I'll try to do a more thorough review when I read it more thoroughly but I have a couple things I can relate after a single read-through.
I love, really *love*, the mid-sized story format. IMO, full book adventures often get more detailed than they need to be because of inevitable GM customization, and thus material gets unused. On the other end of the spectrum, I've seen SR books with very short story seeds that are great if you have time to develop them but really don't provide enough material. The format in AU is just right.
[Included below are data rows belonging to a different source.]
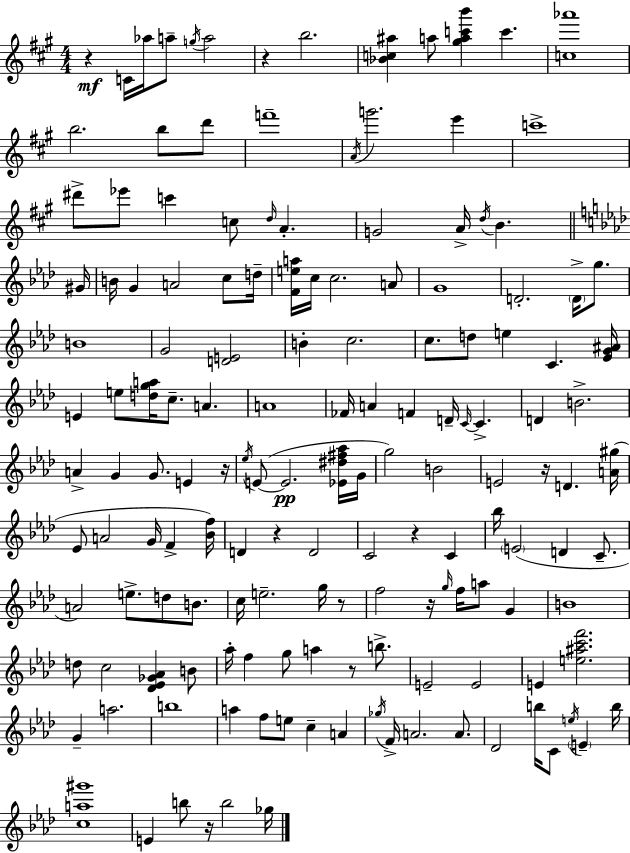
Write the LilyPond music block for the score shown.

{
  \clef treble
  \numericTimeSignature
  \time 4/4
  \key a \major
  \repeat volta 2 { r4\mf c'16 aes''16 a''8-- \acciaccatura { g''16 } a''2 | r4 b''2. | <bes' c'' ais''>4 a''8 <gis'' a'' c''' b'''>4 c'''4. | <c'' aes'''>1 | \break b''2. b''8 d'''8 | f'''1-- | \acciaccatura { a'16 } g'''2. e'''4 | c'''1-> | \break dis'''8-> ees'''8 c'''4 c''8 \grace { d''16 } a'4.-. | g'2 a'16-> \acciaccatura { d''16 } b'4. | \bar "||" \break \key aes \major gis'16 b'16 g'4 a'2 c''8 | d''16-- <f' e'' a''>16 c''16 c''2. a'8 | g'1 | d'2.-. \parenthesize d'16-> g''8. | \break b'1 | g'2 <d' e'>2 | b'4-. c''2. | c''8. d''8 e''4 c'4. | \break <ees' g' ais'>16 e'4 e''8 <d'' g'' a''>16 c''8.-- a'4. | a'1 | fes'16 a'4 f'4 d'16-- \grace { c'16~ }~ c'4.-> | d'4 b'2.-> | \break a'4-> g'4 g'8. e'4 | r16 \acciaccatura { ees''16 }( e'8~~ e'2.\pp | <ees' dis'' fis'' aes''>16 g'16 g''2) b'2 | e'2 r16 d'4. | \break <a' gis''>16( ees'8 a'2 g'16 f'4-> | <bes' f''>16) d'4 r4 d'2 | c'2 r4 c'4 | bes''16 \parenthesize e'2( d'4 | \break c'8.-- a'2) e''8.-> d''8 | b'8. c''16 e''2.-- | g''16 r8 f''2 r16 \grace { g''16 } f''16 a''8 | g'4 b'1 | \break d''8 c''2 <des' ees' ges' aes'>4 | b'8 aes''16-. f''4 g''8 a''4 r8 | b''8.-> e'2-- e'2 | e'4 <e'' ais'' c''' f'''>2. | \break g'4-- a''2. | b''1 | a''4 f''8 e''8 c''4-- | a'4 \acciaccatura { ges''16 } f'16-> a'2. | \break a'8. des'2 b''16 c'8 | \acciaccatura { e''16 } \parenthesize e'4-- b''16 <c'' a'' gis'''>1 | e'4 b''8 r16 b''2 | ges''16 } \bar "|."
}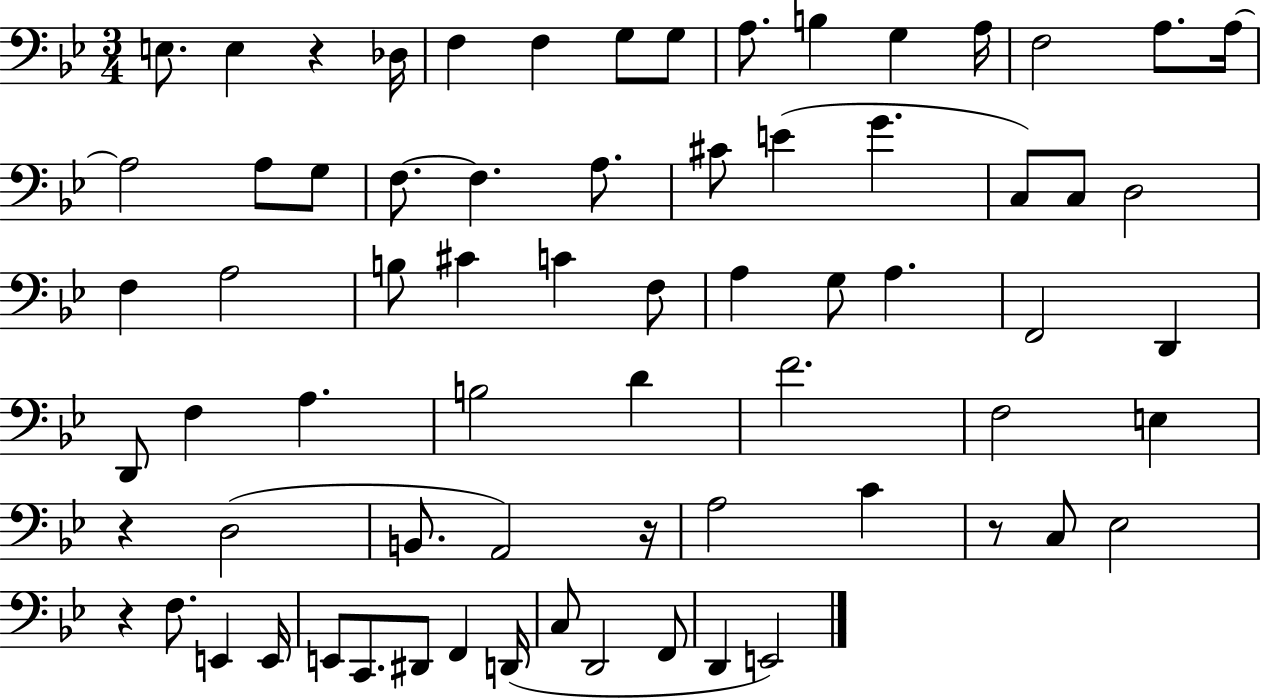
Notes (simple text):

E3/e. E3/q R/q Db3/s F3/q F3/q G3/e G3/e A3/e. B3/q G3/q A3/s F3/h A3/e. A3/s A3/h A3/e G3/e F3/e. F3/q. A3/e. C#4/e E4/q G4/q. C3/e C3/e D3/h F3/q A3/h B3/e C#4/q C4/q F3/e A3/q G3/e A3/q. F2/h D2/q D2/e F3/q A3/q. B3/h D4/q F4/h. F3/h E3/q R/q D3/h B2/e. A2/h R/s A3/h C4/q R/e C3/e Eb3/h R/q F3/e. E2/q E2/s E2/e C2/e. D#2/e F2/q D2/s C3/e D2/h F2/e D2/q E2/h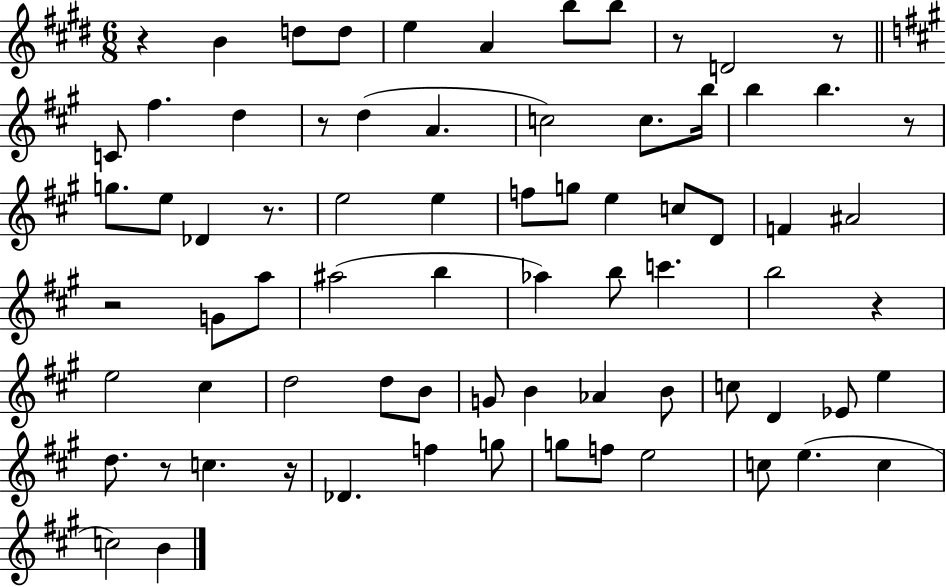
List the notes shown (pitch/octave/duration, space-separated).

R/q B4/q D5/e D5/e E5/q A4/q B5/e B5/e R/e D4/h R/e C4/e F#5/q. D5/q R/e D5/q A4/q. C5/h C5/e. B5/s B5/q B5/q. R/e G5/e. E5/e Db4/q R/e. E5/h E5/q F5/e G5/e E5/q C5/e D4/e F4/q A#4/h R/h G4/e A5/e A#5/h B5/q Ab5/q B5/e C6/q. B5/h R/q E5/h C#5/q D5/h D5/e B4/e G4/e B4/q Ab4/q B4/e C5/e D4/q Eb4/e E5/q D5/e. R/e C5/q. R/s Db4/q. F5/q G5/e G5/e F5/e E5/h C5/e E5/q. C5/q C5/h B4/q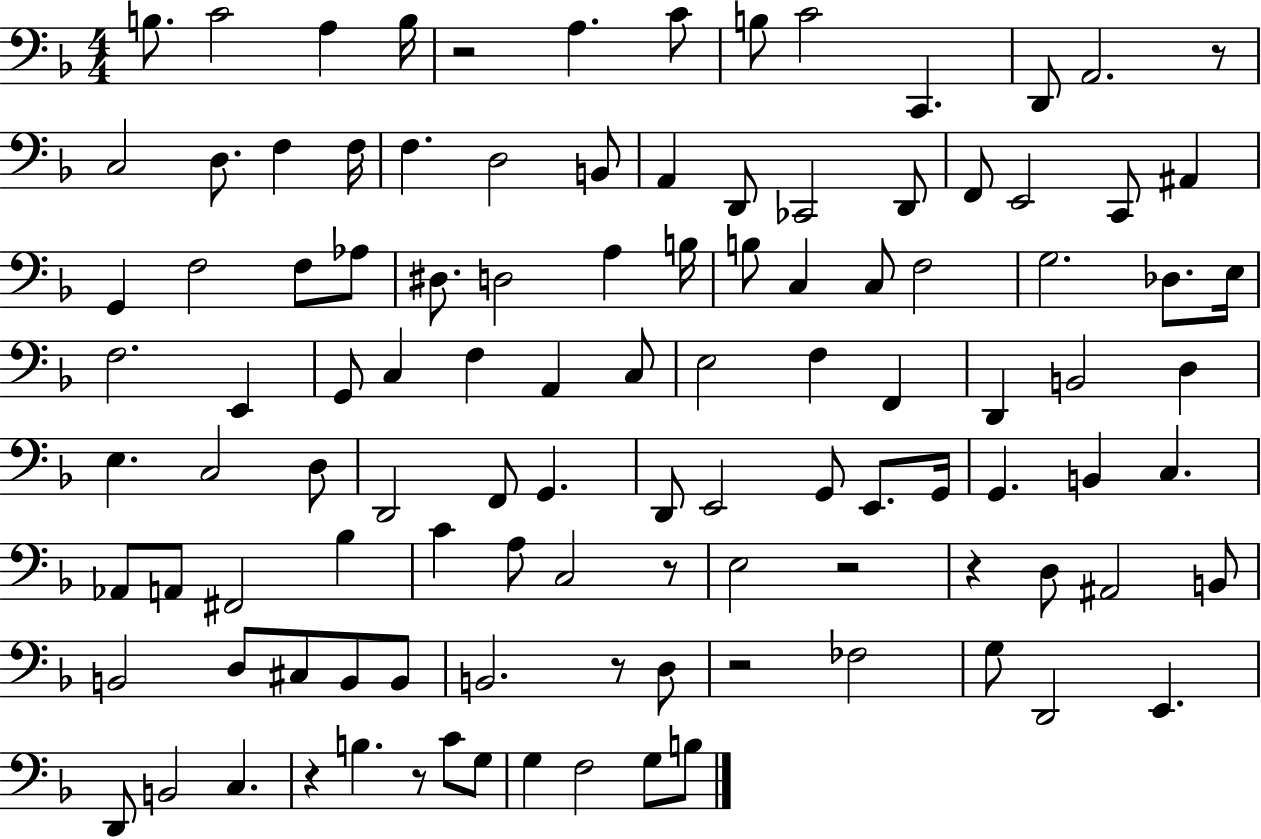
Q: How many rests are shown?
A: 9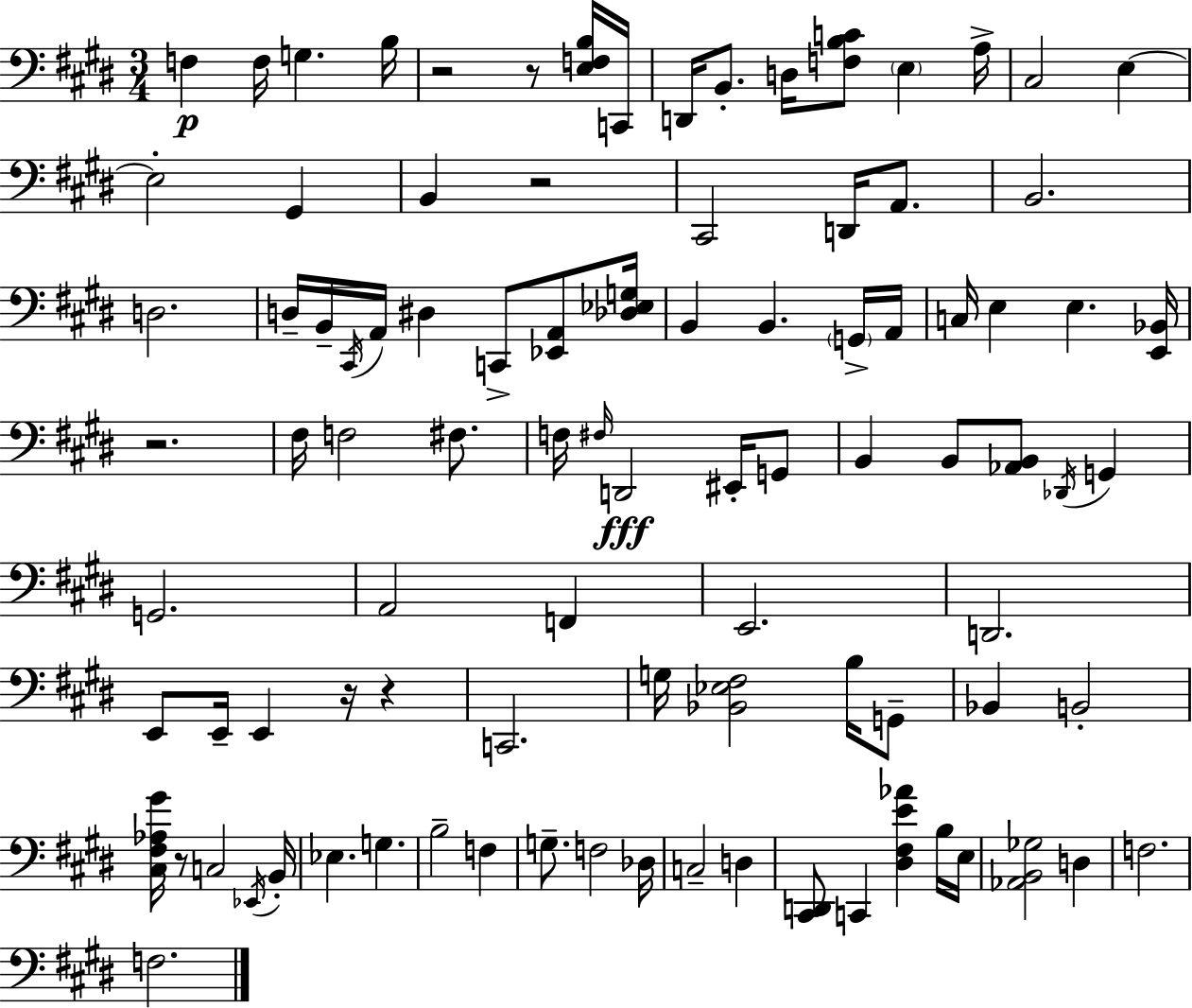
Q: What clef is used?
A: bass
The format gives me, as a GM, just about the right amount of material to let me fill in the gaps and customize it to my PCs but without making me do all the heavy lifting.
As dramatic and potentially metaplot-altering as the Praxis section is, it is extremely unsatisfactory to me compared with what I know about the original direction this story was heading in the unfinished Harlequin's Gambit adventure.
The idea of the PCs running around using the artifacts to unlock caches of knowledge and goodies from the 4th Age in a big game of chal'han between Jane Foster and Sheila what's-her-name from the Atlantean Foundation is, frankly, awesome. Also, unlike Praxis, the PCs actually get to participate in the big events. This is not to say that the mid-size adventures in AU aren't interesting and fun; many of them are. It's just that they seem like sideshows to the main event and the main event has no room for PCs to be involved. There is no satisfactory culmination for the players who have played through the entire DotA series, no sense of climax after the long build-up of gathering all the artifacts. They just separate and the PCs are left chasing some second-order unintended consequences of the artifact chase.
The other problem (for my definition of problem) with the AU adventures is that most of them proceed from the premise of the artifacts "not wanting to be together," which I think is a pretty much crap idea. Sadly, my group won't be running through much, if any, of AU because I'm definitely going to use the HG draft as a basis for a capstone adventure for my campaign.
I know this post won't be terribly helpful to the individual authors of the mini-adventures, as it addresses big picture issues none of the authors likely had much say over. Still, I think it needed to be said and I'll read the adventures more carefully in the near future to give better feedback on those.